Bonds

US Treasury yields slip as investors scrutinize Federal Reserve speeches

U.S. government debt yields were lower on Thursday as investors scrutinized speeches from a number of Federal Reserve leaders.

The yield on the benchmark 10-year Treasury note fell to 2.058 percent at 3:14 p.m. ET, while the yield on the 30-year Treasury bond was down at 2.673 percent. Bond yields move inversely to prices.

Treasurys


Cleveland Fed President Loretta Mester said that the gradual increases in the fed-funds rate will be needed to sustain the expansion and mitigate risks.

"The gradual approach to normalization allows for the kind of fluctuations we've seen in the data on the economy and inflation without having to change our strategy," she said. "We'll need to keep a watch on whether this wait- and-see attitude spreads and begins to weigh more broadly on spending and investment decisions."

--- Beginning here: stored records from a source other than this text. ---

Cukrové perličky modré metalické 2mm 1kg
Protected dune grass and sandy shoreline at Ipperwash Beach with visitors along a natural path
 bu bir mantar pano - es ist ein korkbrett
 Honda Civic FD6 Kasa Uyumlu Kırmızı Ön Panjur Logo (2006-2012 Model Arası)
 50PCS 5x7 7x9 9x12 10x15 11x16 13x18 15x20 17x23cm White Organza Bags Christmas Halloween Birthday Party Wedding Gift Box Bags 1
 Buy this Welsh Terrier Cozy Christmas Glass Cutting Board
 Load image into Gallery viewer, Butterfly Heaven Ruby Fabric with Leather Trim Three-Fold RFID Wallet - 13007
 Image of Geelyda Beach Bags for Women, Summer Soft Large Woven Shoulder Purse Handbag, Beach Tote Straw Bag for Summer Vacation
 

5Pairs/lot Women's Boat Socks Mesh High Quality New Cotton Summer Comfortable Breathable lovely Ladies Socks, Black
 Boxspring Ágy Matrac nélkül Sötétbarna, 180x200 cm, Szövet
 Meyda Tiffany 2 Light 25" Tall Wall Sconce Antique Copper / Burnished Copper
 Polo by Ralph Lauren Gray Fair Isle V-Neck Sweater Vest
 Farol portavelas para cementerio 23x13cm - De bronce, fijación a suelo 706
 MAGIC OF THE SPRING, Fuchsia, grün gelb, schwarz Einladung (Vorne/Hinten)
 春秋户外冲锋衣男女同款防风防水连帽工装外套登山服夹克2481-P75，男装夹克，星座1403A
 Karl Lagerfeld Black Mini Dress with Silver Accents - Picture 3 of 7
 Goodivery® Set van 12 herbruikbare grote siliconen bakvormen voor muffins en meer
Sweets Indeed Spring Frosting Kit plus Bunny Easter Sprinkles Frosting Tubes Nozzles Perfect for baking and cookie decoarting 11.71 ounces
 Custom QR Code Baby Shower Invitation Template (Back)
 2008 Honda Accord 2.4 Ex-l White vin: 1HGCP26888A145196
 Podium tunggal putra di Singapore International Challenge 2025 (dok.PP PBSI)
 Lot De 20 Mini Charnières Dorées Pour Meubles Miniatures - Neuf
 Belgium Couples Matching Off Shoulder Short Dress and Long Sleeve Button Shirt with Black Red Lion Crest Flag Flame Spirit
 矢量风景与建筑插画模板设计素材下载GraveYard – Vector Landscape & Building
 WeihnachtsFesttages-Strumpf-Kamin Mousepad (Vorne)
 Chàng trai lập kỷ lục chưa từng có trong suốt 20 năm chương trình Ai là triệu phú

In Georgia, Atlanta Fed President Raphael Bostic is set to participate in a moderated discussion on his views on the economy later on in the day; while at 5:30 p.m. EDT, New York Fed President William Dudley will be in New York, where he is set to deliver remarks at a Money Marketeers of New York University event.

In addition, Kansas City Fed President Esther George will also be expected to comment on the outlook of the U.S. economy outlook when she is at the Omaha Economic Forum in the evening.

The dollar index hit low of 91.405, its lowest level since Jan. 6, 2015, as the euro surged against the greenback.

Driving the move were comments from European Central Bank President Mario Draghi, who hinted at starting to reduce its bond-buying program as early as next month and also gave an upbeat forecast on the region's economy.

The central bank held interest rates at 0.0 percent and kept the door open for even more stimulus, saying that it stands poised to increase its asset purchase program if needed.

Investors will be paying close attention to news coming out of Washington D.C. President Donald Trump and Senate Minority Leader Chuck Schumer have agreed to seek a plan to get rid of the federal debt ceiling, The Washington Post reported Thursday. The deal was described as a "gentleman's agreement," the newspaper reported, citing "three people familiar with the decision."

The latest agreement comes after Trump signaled his approval for a Democratic plan to package hurricane relief money for Hurricane Harvey to a three-month extension of both government funding and the debt ceiling.

Initial claims for state unemployment benefits soared by 62,000 to a seasonally adjusted 298,000 for the week ended Sept. 2, the highest level since April 2015, the Labor Department said on Thursday.